So, the political/emotional landscape says we must reduce stamp
generation whenever possible.
If you are skilled in making a Thunderbird plug-in, then by all means,
build a stamp generator and output in a filter that detects outgoing
stamps and not generate any additional stamps.
If I was familiar with the Thunderbird code base, I could probably
write a plug-in in a couple days. Unfortunately, I'm not -- which
means I could easily spend a couple months deciphering APIs. I'll
take a brief look and see how hard the problem is.
consider a different solution. What would it mean to create a proxy. I
believe I have the pieces you would need for an MTA independent
Macintosh/Windows stamping proxy. Inbound filtering via Pop three,
that's much harder. That's really really much harder.
so I think the real answer to your question is, we're exhausted. We
don't have enough people doing real work to make demonstrably functional
code in this area. I've done the best I can and I'm not going to make
any apologies for it.
I certainly wasn't asking for an apology! I have nothing but respect
for anybody who devotes time and energy to solving a real problem. I
reserve my contempt for naysayers who spend 5 minutes thinking up an
objection, and then stand in the way of progress because they think
that they know more than the actual researchers. :-) It seems to be
a popular occupation... :-(
here's another idea for proving the concept. I will donate my time and
energy to set up a twopenny blue mail system if somebody else will
donate their time and energy to set it up for a "free" e-mail service
for people wanting to experiment with this kind of anti-spam
environment. I think we'll also need somebody to donate hosting. I
really don't want responsibility for this in my basement. I don't have
my autostart generator yet.
This would allow us to get started.
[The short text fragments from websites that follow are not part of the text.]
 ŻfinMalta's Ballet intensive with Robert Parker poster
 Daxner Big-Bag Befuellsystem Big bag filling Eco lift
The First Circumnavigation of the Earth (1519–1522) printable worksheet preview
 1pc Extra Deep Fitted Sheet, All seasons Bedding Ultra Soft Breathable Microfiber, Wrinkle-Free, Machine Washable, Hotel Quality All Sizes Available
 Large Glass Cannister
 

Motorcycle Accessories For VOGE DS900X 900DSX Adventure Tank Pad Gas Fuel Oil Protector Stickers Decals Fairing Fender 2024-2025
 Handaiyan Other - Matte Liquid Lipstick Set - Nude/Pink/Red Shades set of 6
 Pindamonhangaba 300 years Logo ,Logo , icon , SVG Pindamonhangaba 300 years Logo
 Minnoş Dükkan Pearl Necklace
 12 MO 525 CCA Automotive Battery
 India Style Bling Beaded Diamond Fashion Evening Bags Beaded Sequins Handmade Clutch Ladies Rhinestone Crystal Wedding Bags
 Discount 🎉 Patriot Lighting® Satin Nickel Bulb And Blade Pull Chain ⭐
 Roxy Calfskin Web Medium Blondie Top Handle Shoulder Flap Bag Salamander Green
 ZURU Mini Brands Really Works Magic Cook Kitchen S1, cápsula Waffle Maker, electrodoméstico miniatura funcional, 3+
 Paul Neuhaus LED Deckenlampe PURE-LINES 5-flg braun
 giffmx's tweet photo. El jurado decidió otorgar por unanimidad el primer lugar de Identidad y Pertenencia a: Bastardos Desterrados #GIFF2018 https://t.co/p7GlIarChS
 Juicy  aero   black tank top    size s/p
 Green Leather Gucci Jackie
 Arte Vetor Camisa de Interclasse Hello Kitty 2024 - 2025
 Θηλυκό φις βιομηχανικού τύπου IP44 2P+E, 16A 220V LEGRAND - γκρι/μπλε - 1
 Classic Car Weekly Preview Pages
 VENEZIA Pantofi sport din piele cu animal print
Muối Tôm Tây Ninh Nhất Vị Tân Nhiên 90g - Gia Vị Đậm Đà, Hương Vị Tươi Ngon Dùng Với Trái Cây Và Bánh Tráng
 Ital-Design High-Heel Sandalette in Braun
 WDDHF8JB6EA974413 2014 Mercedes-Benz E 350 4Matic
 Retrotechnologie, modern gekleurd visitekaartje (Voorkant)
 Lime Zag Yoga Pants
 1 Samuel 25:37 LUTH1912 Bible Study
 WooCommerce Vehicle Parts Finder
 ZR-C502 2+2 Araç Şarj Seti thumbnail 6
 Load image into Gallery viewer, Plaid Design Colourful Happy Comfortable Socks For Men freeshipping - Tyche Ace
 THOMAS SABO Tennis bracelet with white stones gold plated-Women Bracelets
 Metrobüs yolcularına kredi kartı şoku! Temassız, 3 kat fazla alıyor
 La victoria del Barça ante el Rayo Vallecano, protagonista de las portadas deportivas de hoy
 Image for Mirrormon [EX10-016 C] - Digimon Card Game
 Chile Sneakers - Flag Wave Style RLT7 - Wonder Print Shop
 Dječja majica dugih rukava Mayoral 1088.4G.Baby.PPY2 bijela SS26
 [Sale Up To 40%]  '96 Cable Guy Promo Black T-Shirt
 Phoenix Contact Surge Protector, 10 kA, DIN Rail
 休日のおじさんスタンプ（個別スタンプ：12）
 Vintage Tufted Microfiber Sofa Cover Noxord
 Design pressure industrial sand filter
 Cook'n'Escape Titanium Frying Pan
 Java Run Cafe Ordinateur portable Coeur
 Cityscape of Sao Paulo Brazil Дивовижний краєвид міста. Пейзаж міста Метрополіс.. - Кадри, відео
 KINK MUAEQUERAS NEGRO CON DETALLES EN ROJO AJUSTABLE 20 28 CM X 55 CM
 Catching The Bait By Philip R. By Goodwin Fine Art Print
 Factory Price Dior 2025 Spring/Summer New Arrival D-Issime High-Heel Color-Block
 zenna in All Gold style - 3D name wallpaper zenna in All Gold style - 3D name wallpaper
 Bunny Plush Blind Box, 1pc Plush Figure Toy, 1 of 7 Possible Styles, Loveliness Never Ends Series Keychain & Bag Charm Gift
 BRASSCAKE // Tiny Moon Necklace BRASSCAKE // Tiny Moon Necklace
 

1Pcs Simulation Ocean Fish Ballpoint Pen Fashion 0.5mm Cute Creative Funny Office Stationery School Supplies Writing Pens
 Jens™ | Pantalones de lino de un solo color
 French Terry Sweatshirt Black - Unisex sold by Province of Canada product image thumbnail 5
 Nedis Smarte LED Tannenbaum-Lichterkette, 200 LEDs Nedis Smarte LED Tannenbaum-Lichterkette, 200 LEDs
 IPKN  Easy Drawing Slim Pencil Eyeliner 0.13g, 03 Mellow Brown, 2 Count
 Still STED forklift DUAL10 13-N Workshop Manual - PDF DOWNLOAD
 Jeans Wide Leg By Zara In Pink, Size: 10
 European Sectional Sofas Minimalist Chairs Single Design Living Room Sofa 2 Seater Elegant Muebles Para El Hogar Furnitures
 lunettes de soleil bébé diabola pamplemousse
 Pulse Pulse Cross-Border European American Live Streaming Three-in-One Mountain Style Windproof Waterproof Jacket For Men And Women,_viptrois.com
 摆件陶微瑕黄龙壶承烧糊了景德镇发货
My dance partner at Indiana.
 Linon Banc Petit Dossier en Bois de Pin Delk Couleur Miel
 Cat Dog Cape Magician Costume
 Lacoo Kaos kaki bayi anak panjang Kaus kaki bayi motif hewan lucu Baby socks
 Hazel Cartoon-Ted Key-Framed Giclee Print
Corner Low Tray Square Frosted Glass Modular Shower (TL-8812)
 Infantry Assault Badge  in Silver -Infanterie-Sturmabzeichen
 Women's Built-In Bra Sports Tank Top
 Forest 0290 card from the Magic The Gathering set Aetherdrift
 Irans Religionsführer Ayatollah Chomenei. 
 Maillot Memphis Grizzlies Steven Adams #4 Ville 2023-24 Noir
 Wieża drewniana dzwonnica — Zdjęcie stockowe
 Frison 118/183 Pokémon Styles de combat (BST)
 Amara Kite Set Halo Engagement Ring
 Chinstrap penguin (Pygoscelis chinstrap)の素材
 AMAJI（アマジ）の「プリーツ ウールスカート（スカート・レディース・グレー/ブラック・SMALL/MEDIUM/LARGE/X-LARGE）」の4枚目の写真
We would probably need a few other
machines to generate stamps as a captive zombie net unless, we add the
predicates which say if you don't advertise you have that capability, we
don't generate stamps.
I also have this gut feeling that using SMTPAUTH authenticated
connections, we could act as a remote filter for entire domains but
setting up the accounts might be a bit problematic given the
requirements for uniqueness. Need to think about that one.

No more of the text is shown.